С утра двадцать седьмого сентября небо заволокло тучами, обещая дождь, и Кирилл вышел на улицу в шинели. Революционный Петроград, уже не прикрытый темнотою ночи, объял его всем своим великолепием и убогостью. Резкий ветер поддувал выцветшие, поблёкшие транспаранты, висевшие на стенах с весны, и тогдашние лозунги — «Долой царя!», «Долой войну!», «Дайте хлеба!» — пошевеливались, белые на красном, словно ими по-прежнему потрясали чьи-то руки. «Белые на красном», — мелькнуло у Авинова. Убийственное сочетание! Кровь с молоком…
Афиша на стене электробиографа[15] «Одеон» до того истрепалась и выцвела, что разобрать, на какую она синефильму зазывала, уже не было возможности. А вот вывески над магазинами почти все сохранились, разве что царские эмблемы были сбиты и сожжены на кострах — долой самодержавие! Да здравствует свобода!

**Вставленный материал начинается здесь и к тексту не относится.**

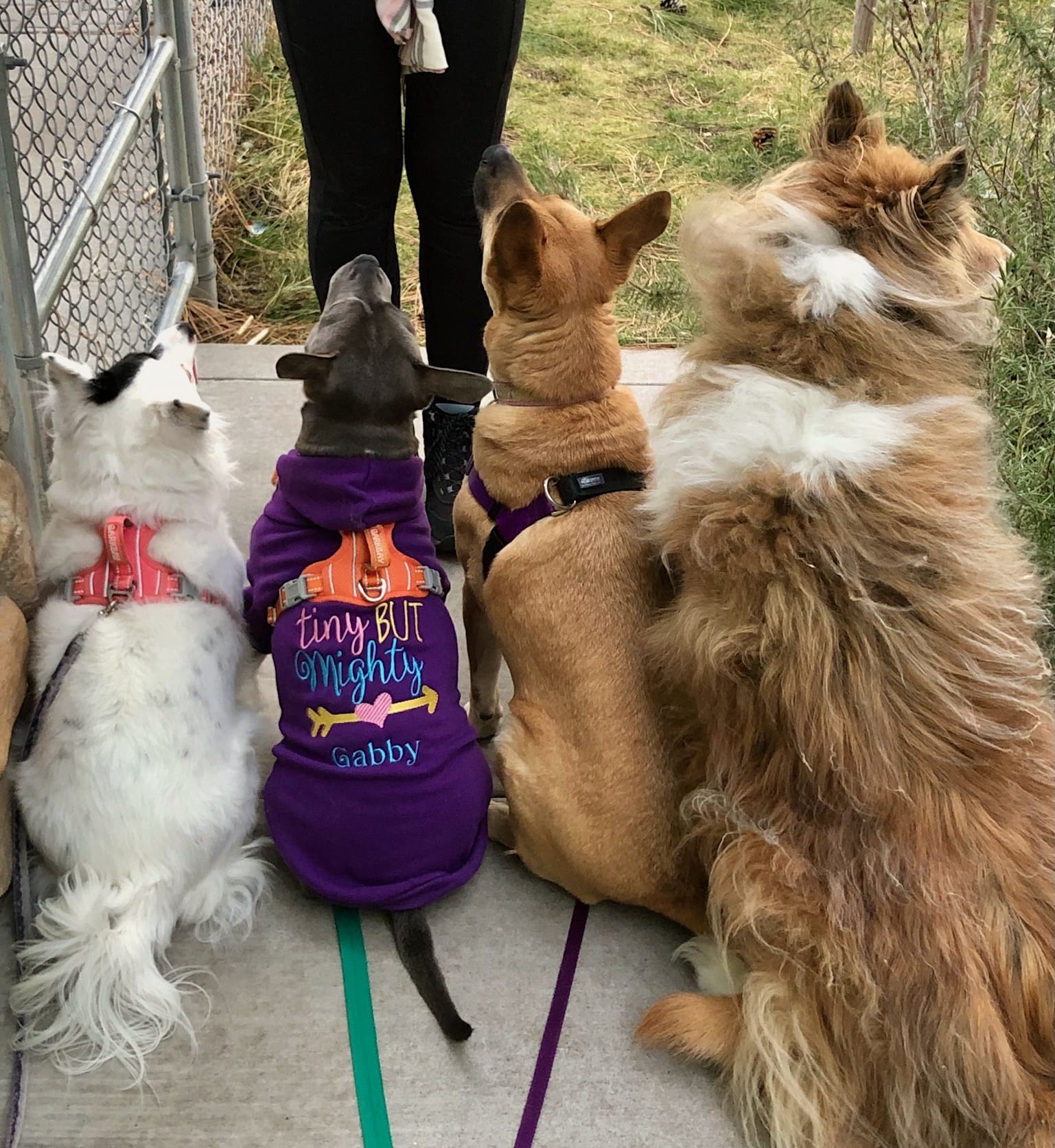 Ali’s_pack_on_sit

Народу на улице хватало — людской гомон то усиливался, приближаясь, то отдалялся и делался глуше. На всех перекрестках собирались толпы, сами собой возникали летучие митинги. Скучающие солдаты-запасники подпирали стены, щёлкая семечки с такой скоростью, что шелуха свисала с мокрых губ гнусными фестонами и опадала в солидные кучки на заплёванном тротуаре. Революционные солдаты зыркали из-под козырьков фуражек трусовато и пакостно, как крысы из щелей. Пьяницы и мужеложцы, марафетчики[16] и лодырюги, год назад призванные на службу, но так и не посланные в окопы, они горой стояли за большевиков — те обещали мир с немцами. И именно потому, что разложившиеся, развращённые нижние чины не знали дисциплины, они представляли опасность — большевики лишили их химеры совести, но оружие-то оставили… Кирилл сжал зубы и прошёл мимо, стараясь не встречаться взглядом с солдатнёй. Не помогло.
— Эй, стой, — послышался глумливый голосишко. — Слышь, ты, ахвицер?

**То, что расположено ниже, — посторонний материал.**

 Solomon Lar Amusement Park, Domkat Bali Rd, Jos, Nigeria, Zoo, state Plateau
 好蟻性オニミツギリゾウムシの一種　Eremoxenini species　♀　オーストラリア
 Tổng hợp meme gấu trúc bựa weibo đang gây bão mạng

Авинов шагал, стараясь не ускорять движения. Сердце забилось чаще.
— Стоять, кому сказал! — В голосишке прибавилось злости.
— Брось, Филька, — посоветовал другой голос, сиплый из-за пьянок, — не связывайся.
— Щас! Будет тут всякая фря строить из себя!..
За спиной загрюкали сапоги. Кирилл наклонил голову и скосил глаза — догоняли двое. Сапоги не чищены, ремней нет, на галифе — пузыри… Вчера это были крестьянские сыны, сегодня — «бойцы революционной армии», а завтра? Штатные палачи ЧК?..
Авинов резко свернул в проулок. Обтерев о штаны вспотевшие ладони, он потащил из-за пояса «парабеллум».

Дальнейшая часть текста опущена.